Jakarta, PONTAS.ID – Menteri Energi dan Sumber Daya Mineral (ESDM), Arifin Tasrif, memaparkan program kerja Kementerian ESDM di tahun 2020 di hadapan Anggota Komite II Dewan Perwakilan Daerah (DPD), Selasa (4/2/2020).
Dalam kesempatan tersebut, Arifin mengungkapkan lima program nasional yang akan dijalankan institusinya.
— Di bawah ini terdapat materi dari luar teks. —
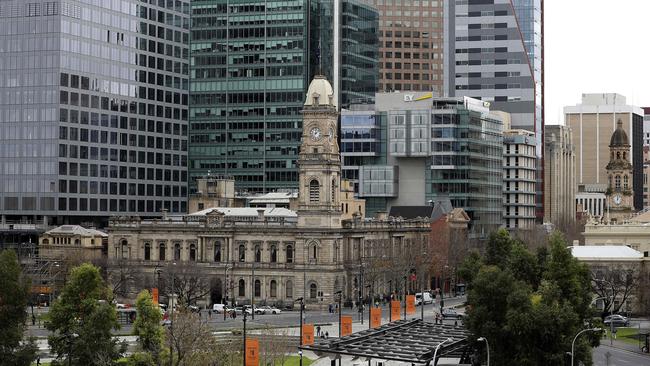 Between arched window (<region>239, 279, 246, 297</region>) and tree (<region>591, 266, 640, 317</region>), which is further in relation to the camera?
arched window (<region>239, 279, 246, 297</region>)

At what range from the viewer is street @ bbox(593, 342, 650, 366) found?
114812 mm

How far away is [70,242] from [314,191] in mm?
41861

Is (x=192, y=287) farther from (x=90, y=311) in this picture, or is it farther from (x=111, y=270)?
(x=90, y=311)

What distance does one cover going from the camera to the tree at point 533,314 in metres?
95.9

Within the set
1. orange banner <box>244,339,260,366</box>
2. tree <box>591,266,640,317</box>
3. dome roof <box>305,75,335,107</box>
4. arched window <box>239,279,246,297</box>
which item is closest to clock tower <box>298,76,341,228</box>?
dome roof <box>305,75,335,107</box>

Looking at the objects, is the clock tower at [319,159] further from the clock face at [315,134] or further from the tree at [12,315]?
the tree at [12,315]

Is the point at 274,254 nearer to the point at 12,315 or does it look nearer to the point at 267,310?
the point at 267,310

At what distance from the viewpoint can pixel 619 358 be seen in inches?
4695

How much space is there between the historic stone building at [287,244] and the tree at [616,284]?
28.5m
Pertama adalah memperkuat ketahanan ekonomi untuk pertumbuhan yang berkualitas.
“Ini merupakan komitmen ESDM dalam pengembangan energi baru terbarukan (EBT), peningkatan nilai tambah, dan pemenuhan kebutuhan energi dalam negeri,” kata Arifin, di ruang rapat Komite II DPD, Jakarta, Selasa (4/2/2020).
Program utama kedua, kata Arifin adalah mengembangkan wilayah untuk mengurangi kesenjangan. Dikatakan Arifin, beberapa program yang telah dilakukan adalah BBM satu harga yang telah dilakukan di 170 titik hingga tahun 2019.
Kemudian, program ketiga, lanjut Arifin, adalah meningkatkan sumber daya manusia (SDM yang berkualitas dan berdaya saing. Dan, program utama keempat, yakni memperkuat infrastruktur untuk mendukung pengembangan ekonomi dan pelayanan dasar.
“Ini penyediaan kebutuhan dasar masyarakat seperti listrik, BBM, gas, dan air bersih,” papar dia.
Lalu, sambung Airifn, program utama kelima adalah membangun lingkungan hidup, meningkatkan ketahanan bencana dan perubahan iklim. Menurut Arifin, program ini menjadi komitmen Kementerian ESDM dalam menjaga lingkungan dan mitigasi bencana geologi.
“Kita mendorong pengurangan emisi hingga reklamasi lubang bekas tambang,” tuntas Arifin.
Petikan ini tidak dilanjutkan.